**PROBLEM DETAILS:**
Retype all data exactly as given. Pictures should not be retyped.

↓↓↓

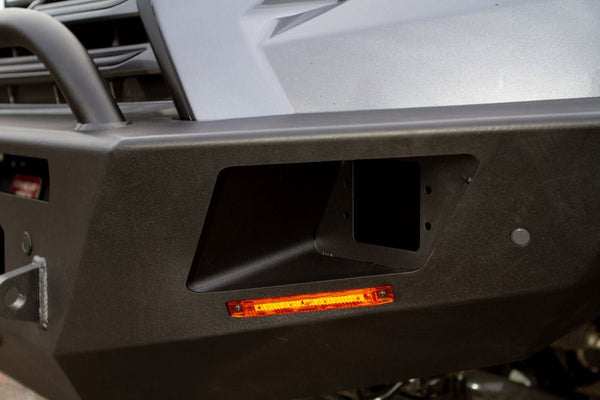 Close-up of black Metal Tech Tiger Shark front bumper with amber marker light installed on Lexus GX460.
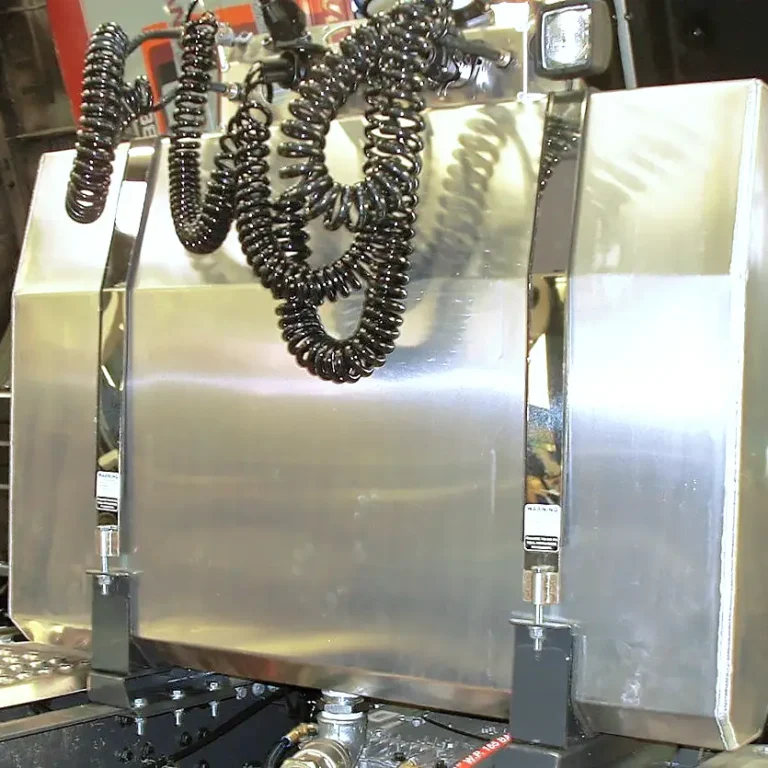 Rear of cab mounted hydraulic oil tank
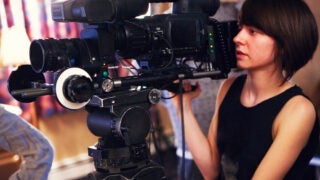 woman filming with video camera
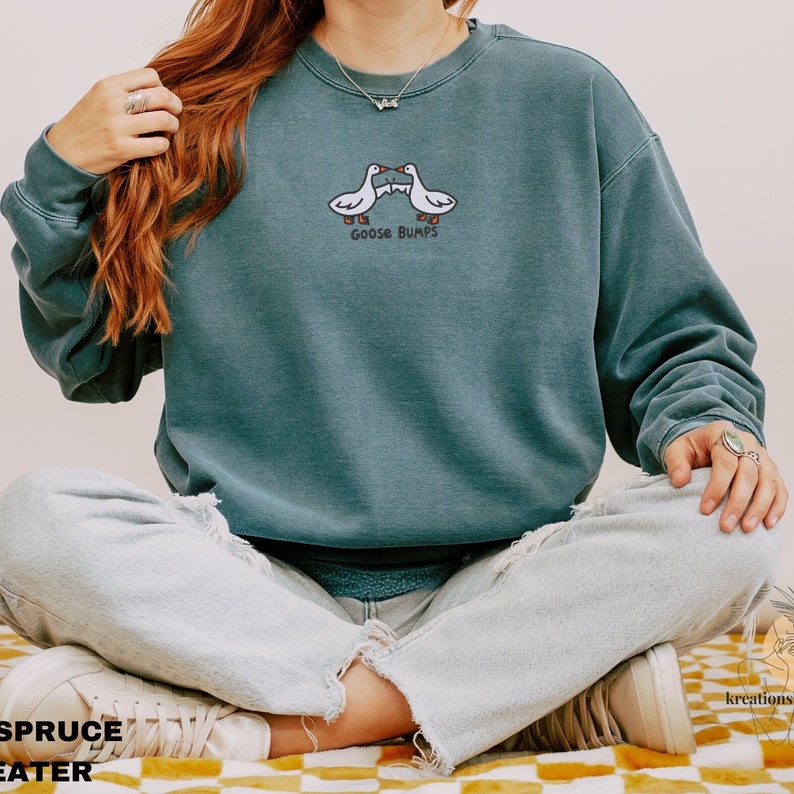 K&ouml;nnte beinhalten: Ein blaugr&uuml;ner Pullover mit einem wei&szlig;en gestickten Design aus zwei sich gegen&uuml;berstehenden G&auml;nsen mit dem Text "Goose Bumps" darunter.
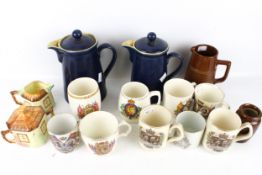A collection of assorted vintage china. Including commemorative mugs, two Denby coffee pots, etc.
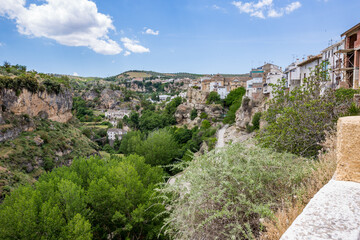 Fototapeta na wymiar City canyon perspective. Alhama de Granada, Andalusia, Spain. Beautiful and interesting travel destination in the warm Southern region. Public street view.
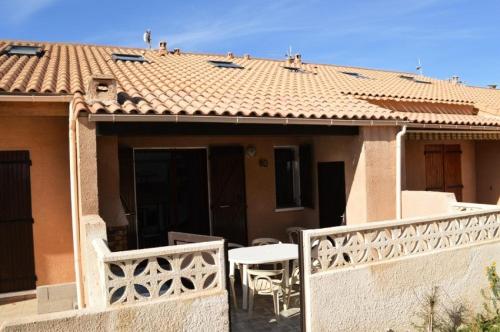 Cette maison dispose d'un balcon avec une table et un toit. dans l'établissement Résidence Grande Bleue - VILLA 3 PIECES 6 couchages PORT LEUCATE MAE-4804, à Port-Leucate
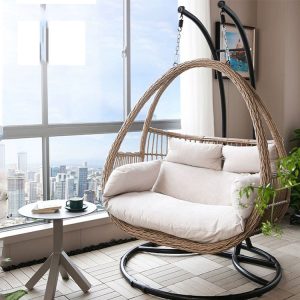 Xích đu đôi giả mây khung sắt nệm màu kem đặt trong phòng khách view thành phố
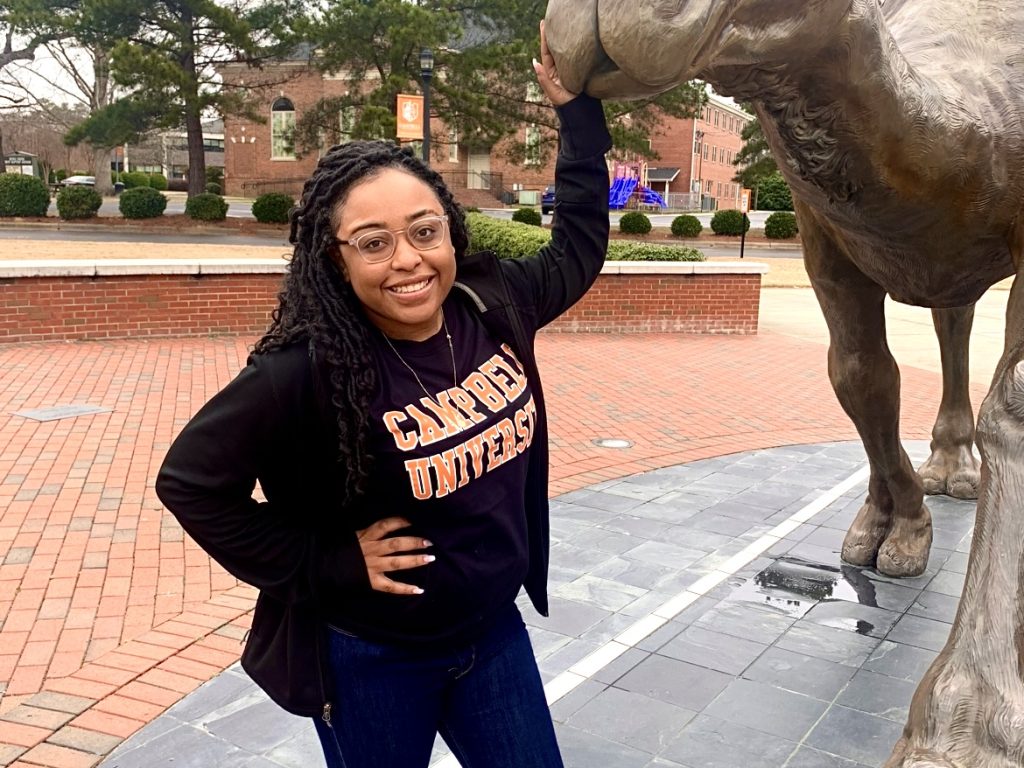 Shay Webb poses with the camel statue on campus.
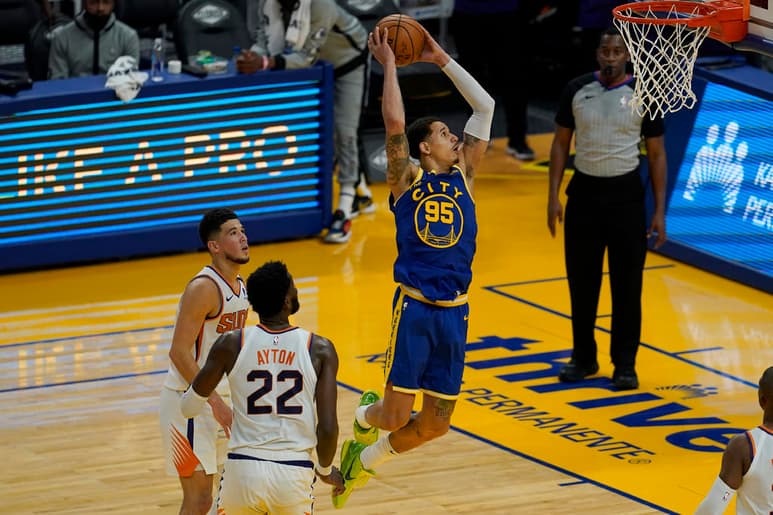 El alero de los Warriors de Golden State Juan Toscano-Anderson clava el balón frente a la mirada de Deandre Ayton y Devin Booker, de los Suns de Phoenix, durante la primera mitad del juego del martes 11 de mayo de 2021, en San Francisco. (AP Foto/Jeff Chiu)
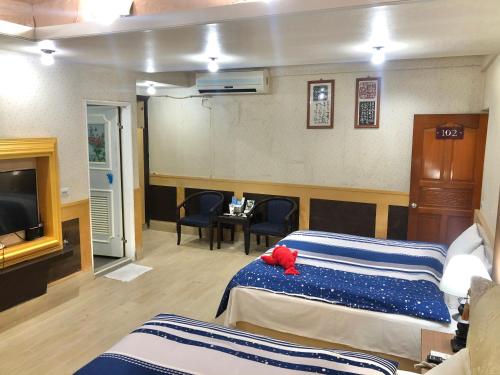 a hotel room with two beds and a television at TREE HOUSE in Pingtung County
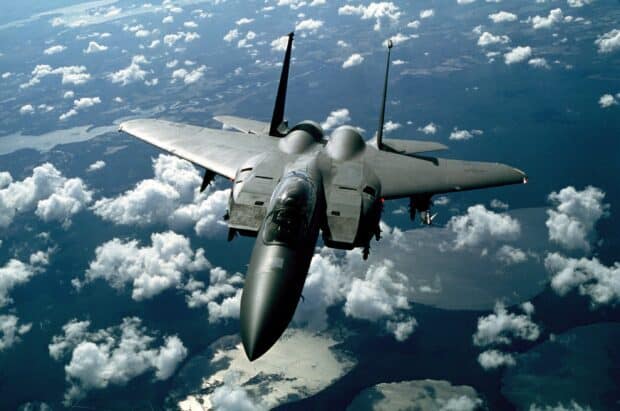 A jet fighter flies high above clouds and water in the sky, 2K Desktop Wallpaper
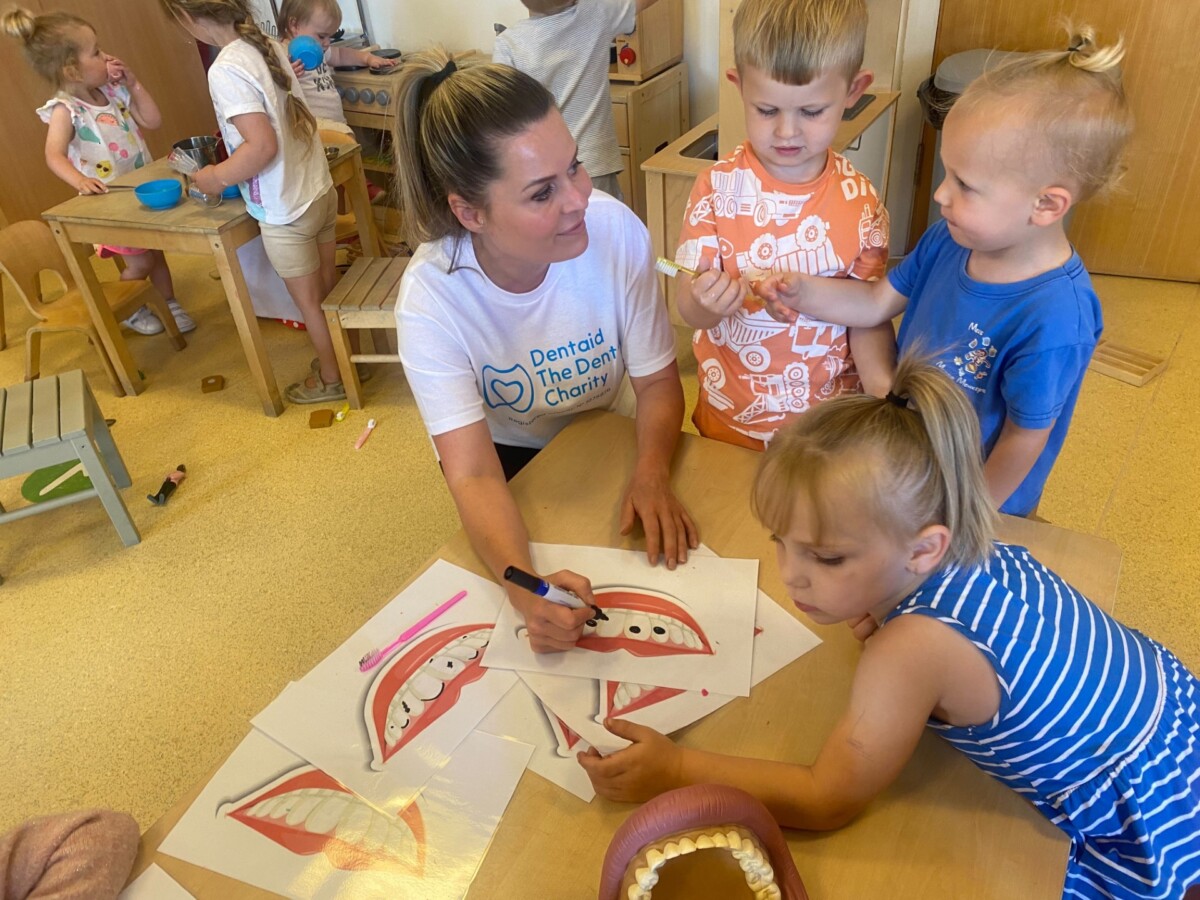A Dentaid staff-member joins three young children at a nursery where they are colouring in pictures of mouths and teeth.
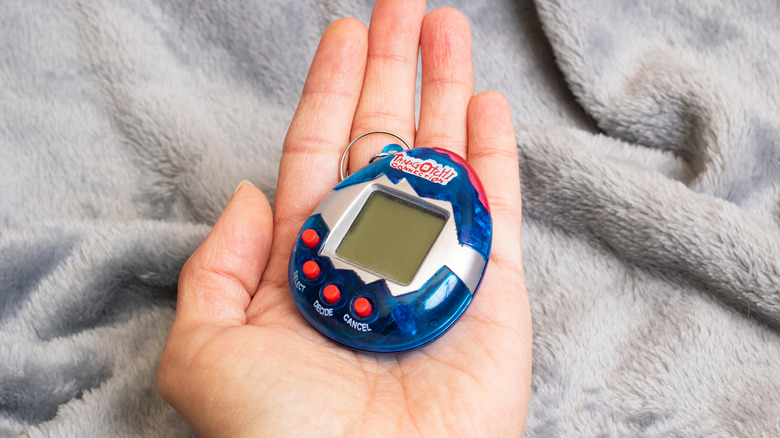 Blue Tamagotchi in hand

↑↑↑

**RESPONSE TO THE TASK:**
 Close-up of black Metal Tech Tiger Shark front bumper with amber marker light installed on Lexus GX460.
 Rear of cab mounted hydraulic oil tank
 woman filming with video camera
 K&ouml;nnte beinhalten: Ein blaugr&uuml;ner Pullover mit einem wei&szlig;en gestickten Design aus zwei sich gegen&uuml;berstehenden G&auml;nsen mit dem Text "Goose Bumps" darunter.
A collection of assorted vintage china. Including commemorative mugs, two Denby coffee pots, etc.
 Fototapeta na wymiar City canyon perspective. Alhama de Granada, Andalusia, Spain. Beautiful and interesting travel destination in the warm Southern region. Public street view.
 Cette maison dispose d'un balcon avec une table et un toit. dans l'établissement Résidence Grande Bleue - VILLA 3 PIECES 6 couchages PORT LEUCATE MAE-4804, à Port-Leucate
 Xích đu đôi giả mây khung sắt nệm màu kem đặt trong phòng khách view thành phố
 Shay Webb poses with the camel statue on campus.
 El alero de los Warriors de Golden State Juan Toscano-Anderson clava el balón frente a la mirada de Deandre Ayton y Devin Booker, de los Suns de Phoenix, durante la primera mitad del juego del martes 11 de mayo de 2021, en San Francisco. (AP Foto/Jeff Chiu)
 a hotel room with two beds and a television at TREE HOUSE in Pingtung County
 A jet fighter flies high above clouds and water in the sky, 2K Desktop Wallpaper
A Dentaid staff-member joins three young children at a nursery where they are colouring in pictures of mouths and teeth.
 Blue Tamagotchi in hand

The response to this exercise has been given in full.